What to work on
Every line from the one with "Usado en Excelente" to the end of the listing below must be printed exactly, with no other text and no pictures.

Data excerpt
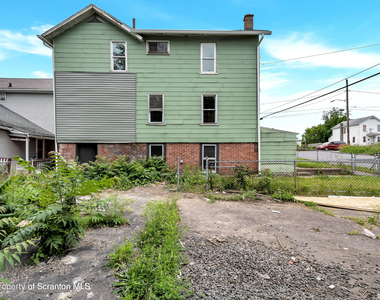 127 1/2 N Garfield Avenue - Photo Thumbnail 1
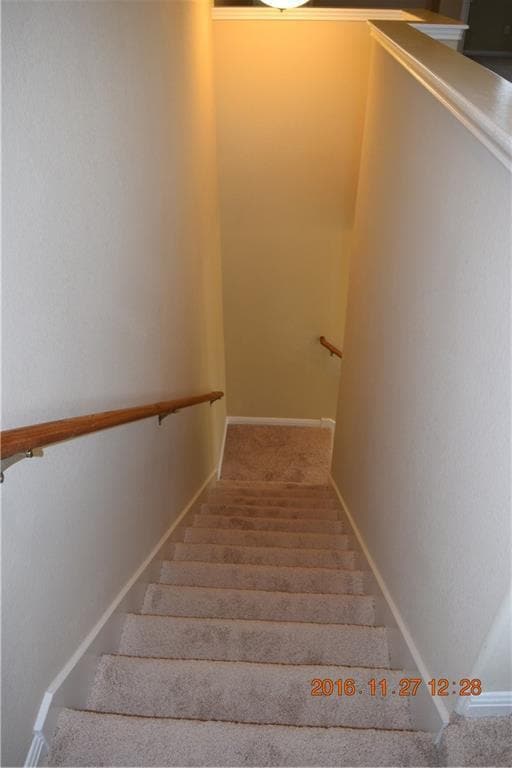 Photo - 313 N Heatherwilde Blvd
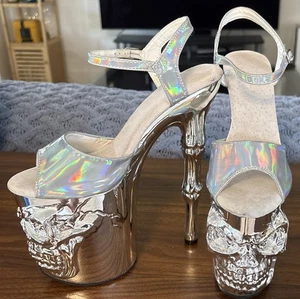 Usado en Excelente Condición Plataforma Calavera Tacones Altos Cromo Iridiscente Bailarina Stripper Zapatos Talla 6/37 - Imagen 1 de 16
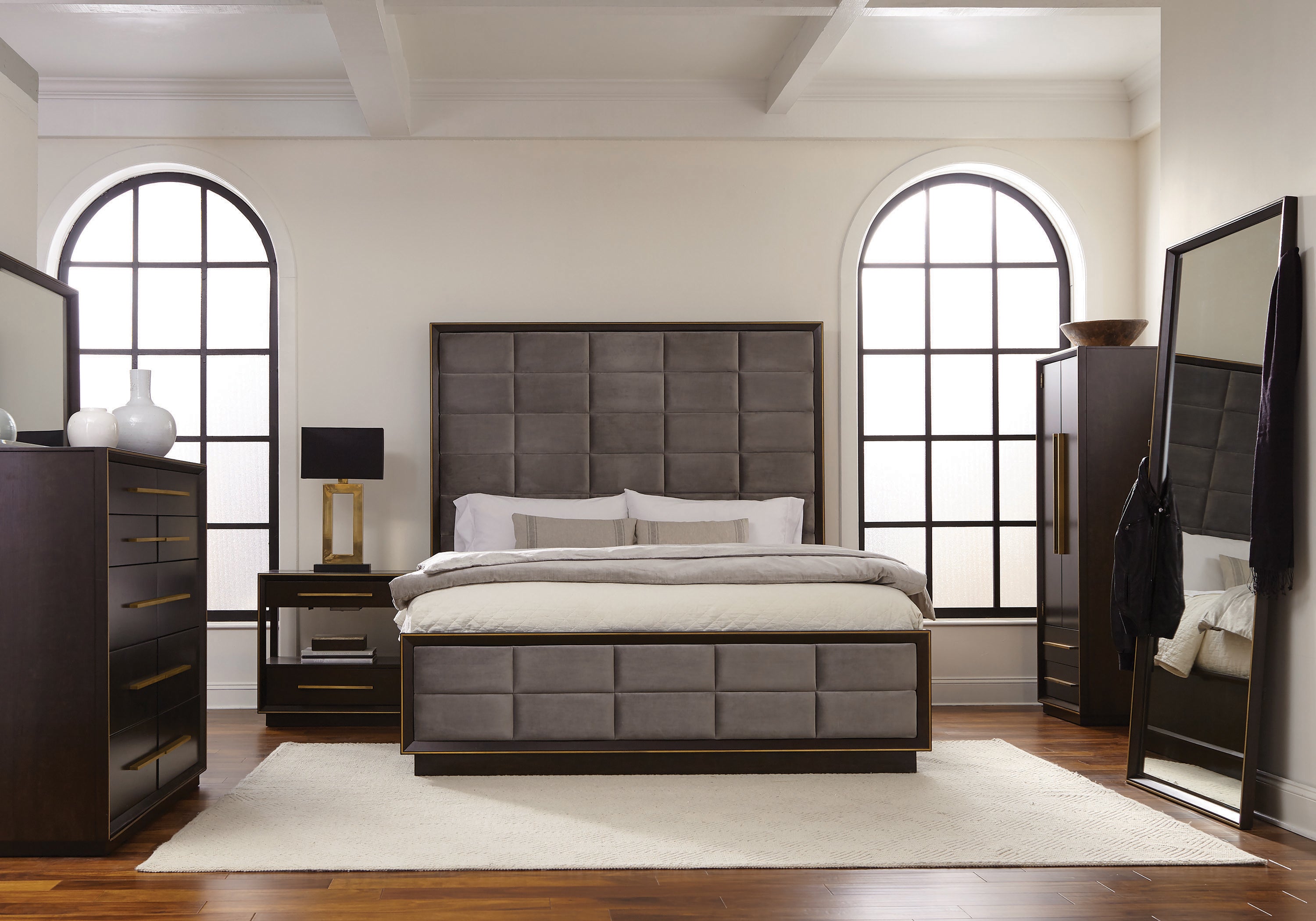 Durango Bed Smoked Peppercorn And Grey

Result for this exercise
 Usado en Excelente Condición Plataforma Calavera Tacones Altos Cromo Iridiscente Bailarina Stripper Zapatos Talla 6/37 - Imagen 1 de 16
 Durango Bed Smoked Peppercorn And Grey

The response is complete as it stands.